Top of Recorded information

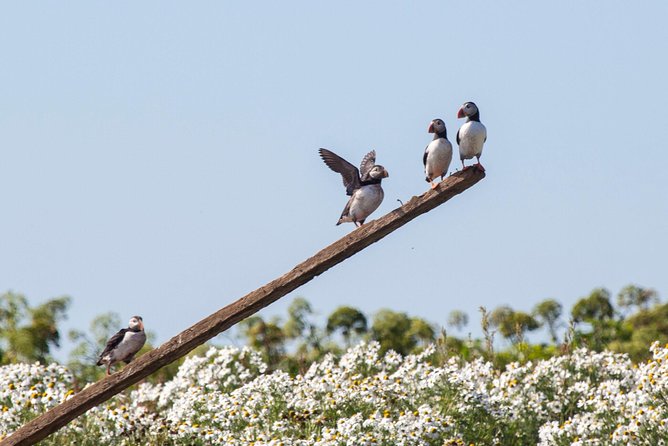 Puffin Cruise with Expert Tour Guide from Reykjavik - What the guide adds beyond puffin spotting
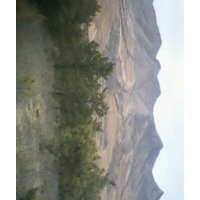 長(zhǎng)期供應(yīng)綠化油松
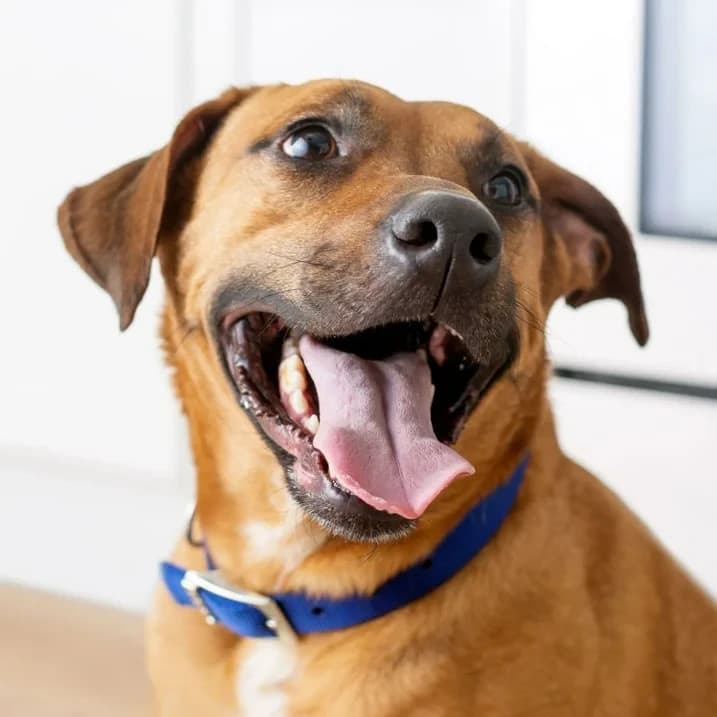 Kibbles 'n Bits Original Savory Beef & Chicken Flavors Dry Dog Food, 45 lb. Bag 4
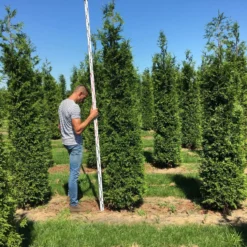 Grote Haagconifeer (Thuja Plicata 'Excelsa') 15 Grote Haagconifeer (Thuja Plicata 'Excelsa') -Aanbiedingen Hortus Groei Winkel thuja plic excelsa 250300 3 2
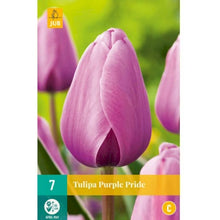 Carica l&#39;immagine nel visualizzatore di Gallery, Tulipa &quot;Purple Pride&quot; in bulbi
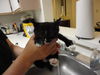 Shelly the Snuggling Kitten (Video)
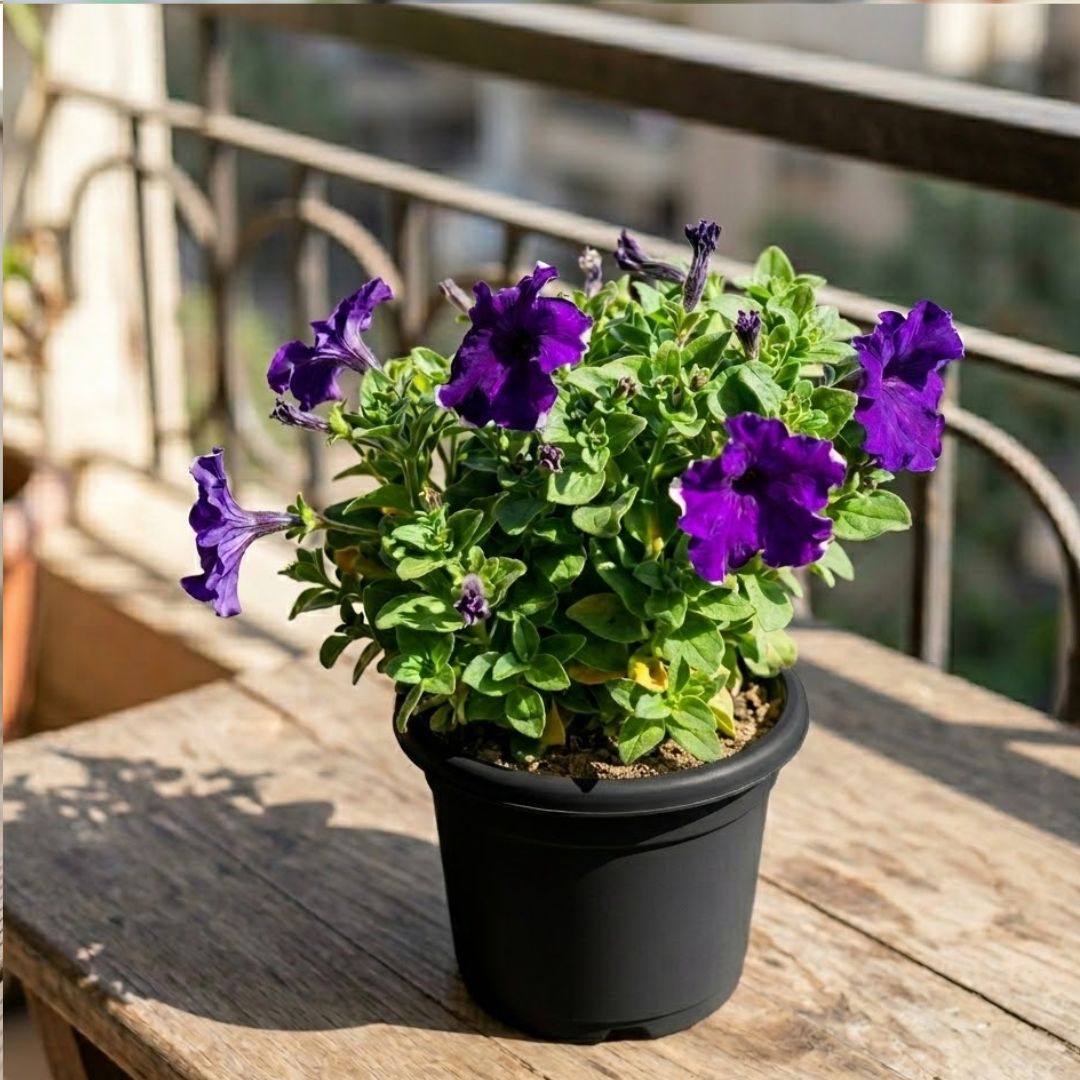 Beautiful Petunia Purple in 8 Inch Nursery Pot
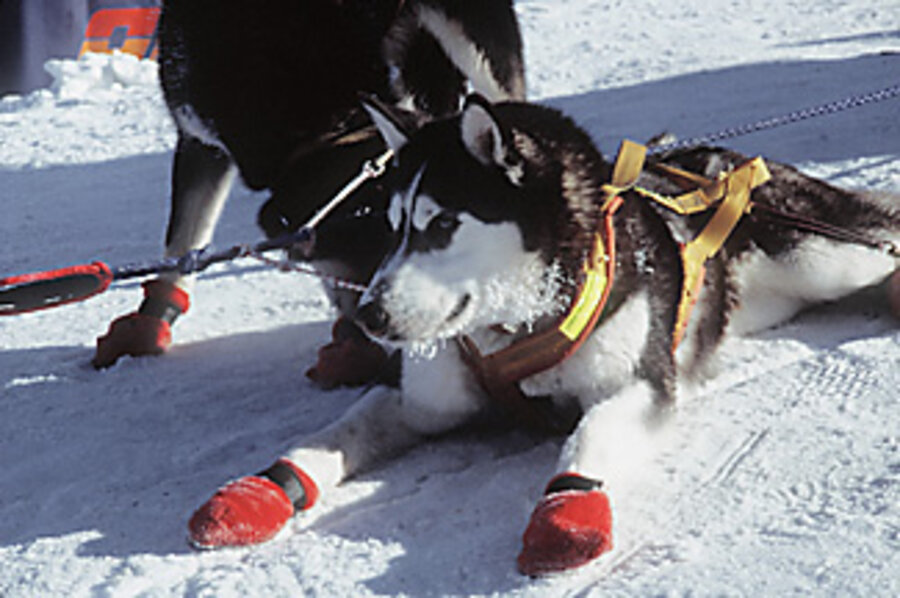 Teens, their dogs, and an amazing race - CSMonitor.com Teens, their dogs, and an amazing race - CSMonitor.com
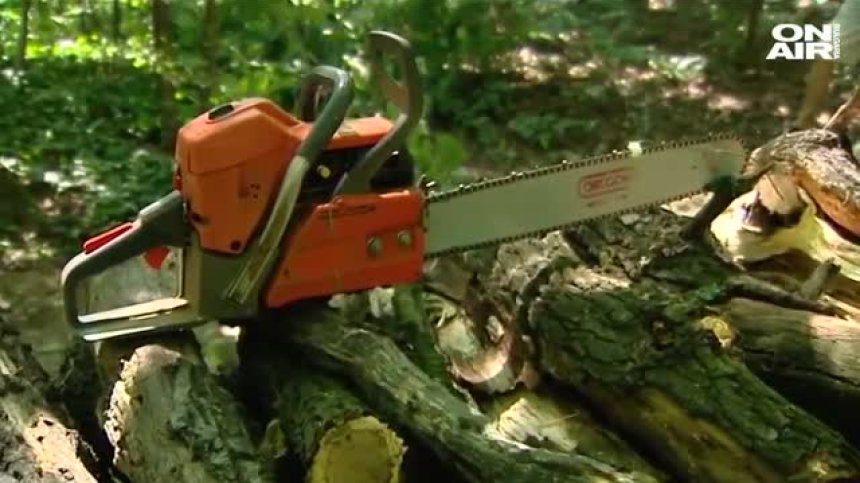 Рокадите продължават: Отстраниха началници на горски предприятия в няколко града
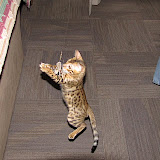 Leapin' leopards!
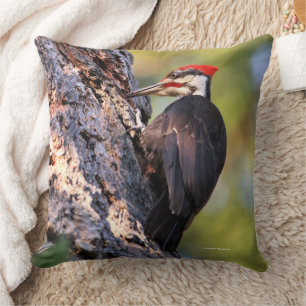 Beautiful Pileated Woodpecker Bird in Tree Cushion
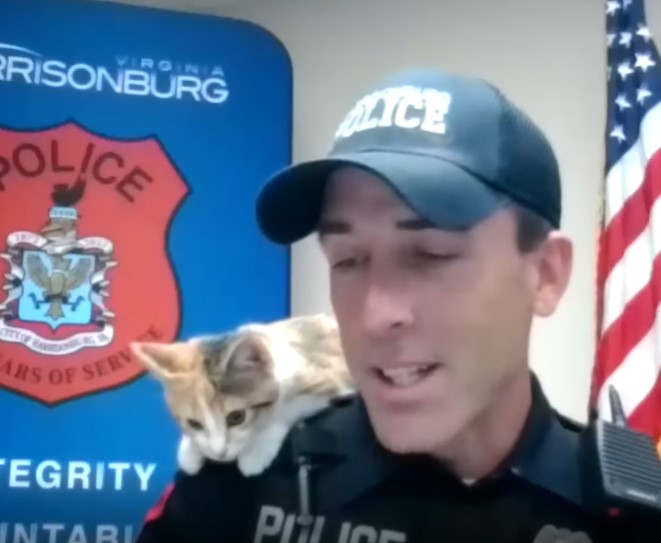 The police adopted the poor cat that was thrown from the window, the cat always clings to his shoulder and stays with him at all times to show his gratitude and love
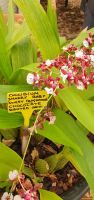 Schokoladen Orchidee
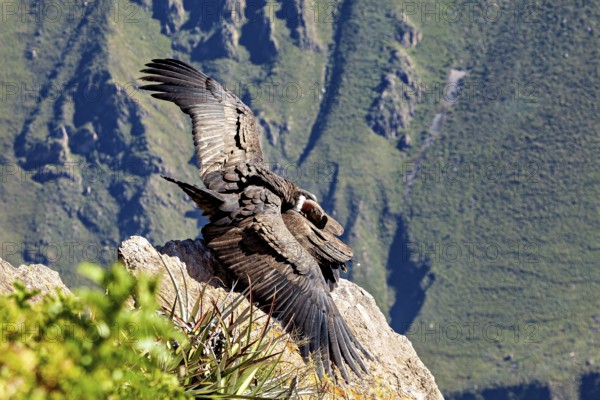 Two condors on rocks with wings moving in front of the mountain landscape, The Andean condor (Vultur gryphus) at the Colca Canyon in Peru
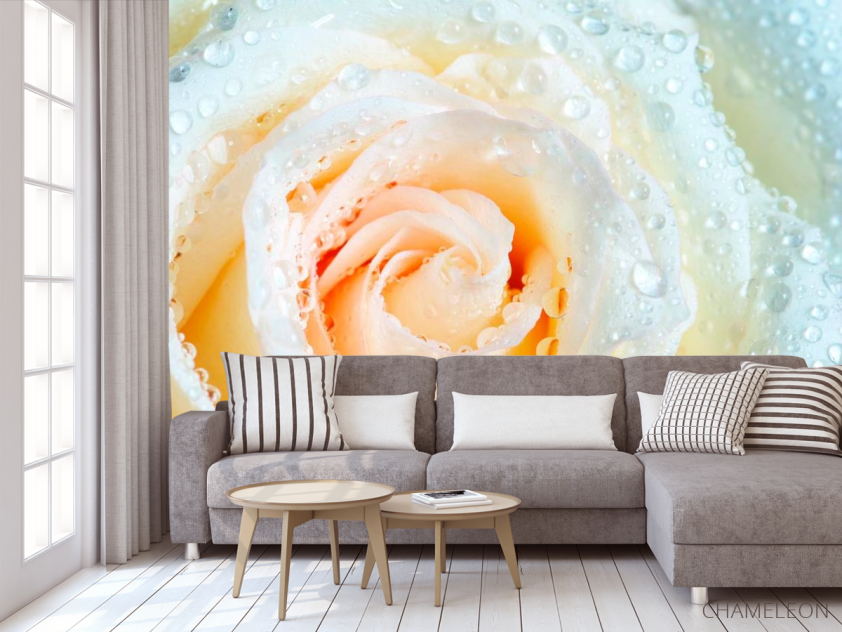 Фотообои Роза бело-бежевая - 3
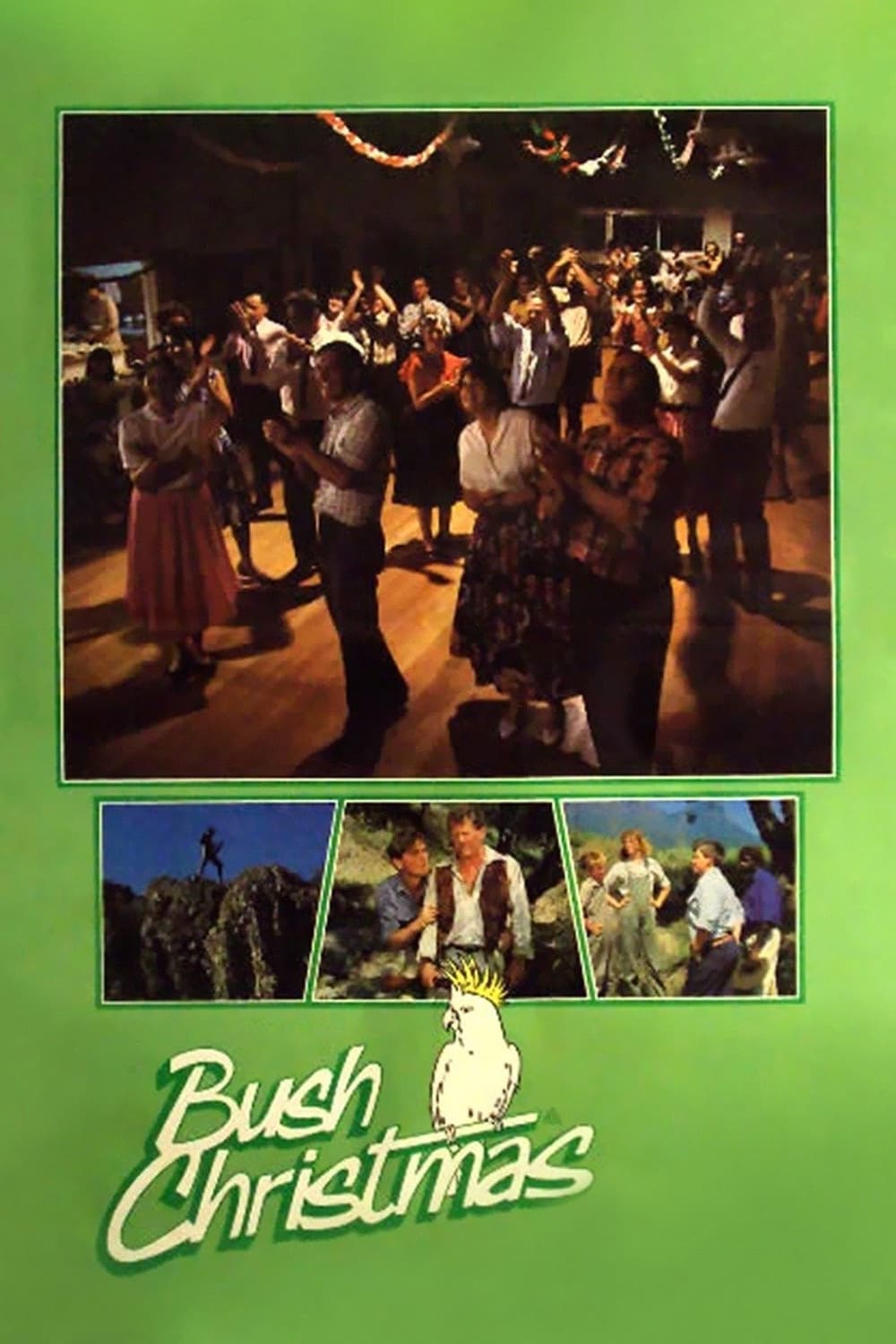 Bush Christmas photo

Bottom of Recorded information

» Task prompt
Nothing but the lines from the top of the data above through the line containing "Beautiful Petunia Purple" should be output, exactly as written and without the pictures.

» Reply to the task
 Puffin Cruise with Expert Tour Guide from Reykjavik - What the guide adds beyond puffin spotting
 長(zhǎng)期供應(yīng)綠化油松
 Kibbles 'n Bits Original Savory Beef & Chicken Flavors Dry Dog Food, 45 lb. Bag 4
 Grote Haagconifeer (Thuja Plicata 'Excelsa') 15 Grote Haagconifeer (Thuja Plicata 'Excelsa') -Aanbiedingen Hortus Groei Winkel thuja plic excelsa 250300 3 2
 Carica l&#39;immagine nel visualizzatore di Gallery, Tulipa &quot;Purple Pride&quot; in bulbi
 Shelly the Snuggling Kitten (Video)
 Beautiful Petunia Purple in 8 Inch Nursery Pot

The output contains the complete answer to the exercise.